The thought experiment is to imagine that there was an information firewall between the US and Europe over the last fifty years. What would have happened? Well – probably pretty much roughly the same scientists would have been funded (all things being equal), and in many cases a similar set of discoveries probably made – but unequally over time, and so for the cases where one needed to discover both A and B to work out C, one would have to wait longer in the separated scenario than the joint. In the worst case working out C was not an “inevitable” part of discovery but rather needed a rather unique set of people in a unique environment – some meeting, or a workshop or a bar, or an airport lounge (all of which are places I’ve struct up lasting collaborations). These would never have been realised. Some – perhaps most – of these discoveries would have been the everyday part of science; things which scientists make progress on but don’t make an impact outside a specific field. But, occassionally, the missing discovery would have been profound, or perhaps more worryingly, the critical bit before a profound discovery. Who knows what it could have been – the development of monoclonal antibodies? The development of Sanger style capillary sequencing? Or of a 2-D surface sequencing chemistry? Or for full bone marrow transplants for leukemia? Or of Oncogenes such as RAS? In each of these cases, the scientific progress worldwide weaved between US and Europe, and the output of the joint system is far, far higher than the sum of the two.

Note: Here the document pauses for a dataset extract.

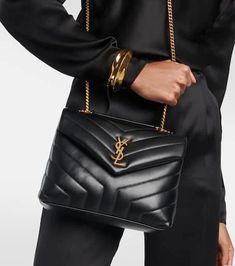 The black Loulou Small shoulder bag from Saint Laurent is a sophisticated day-to-night companion. Its buttery, quilted calfskin base is treated with a combination of paper printing, which creates a full-grain finish, and a smoothing tanning process. We don’t like to pick favorites, but this design holds a special place in our hearts – and, with its timeless looks and ever-iconic YSL hardware, we predict it will have the same effect on you..Color of fastening: antique gold.Material: calf leather. Yls Bag Saint Laurent Handbags, Ysl Black Loulou Bag, Ysl Loulou Bag, Ysl Black Purse, All Black Ysl Bag, Ysl Sholder Bag, Timeless Looks, Ysl Bags, Saint Laurent Bags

Now imagine if we don’t exchange information with China/Brazil/Russia. We will be missing a huge opportunity in this synergy. Of course it is fair and sensible for this opportunity (and so the results of this synergy) to be shared equally – from the fjords in Norwary through to Cerrado of Brazil to the plains of the US mid West and the mountains in China – it should be shared equally. This is not a hard thing to do in Science (it is more complex in the tangled world of business with IP, Trademarks and other things) as for the most part the “rule” is to share (on publication) what you know. You might claim that these countries aim to more consume and parasitise than to contribute, but that’s not how science works – a passive, consuming mode means you are always 6 months behind the real work, and almost always incapable of exploiting the work for your own discoveries. Science is an open process, and works in the open.
So, critically, as scientists we should not fear the rise of China, India and Brazil. For every discovery made by a Chinese group, there will be 3 more discoveries made in collaboration with Chinese groups; for the developments made in Brazil based on current science they will return the favour in 3 or 5 years when we read their papers. Indian scientists visiting Europe will both learn from us but soon enough we will also learn from them. There is too much not too little to learn about in this world, and we need more brains on the problems, not less.
We should embrace it, enjoy it, and focus (as ever) on doing world-leading science.
Great post. The amount of science "left to do" is not finite – definitely not a zero sum game. There is more wilderness out there, if we're willing to venture.
You might also find this interesting:
http://denizkural.wordpress.com/2010/09/04/agglomeration-effects-implications-in-science-funding/
as it relates to the positive impact that collaboration has.
a rational attitude to treat west and east, science and others.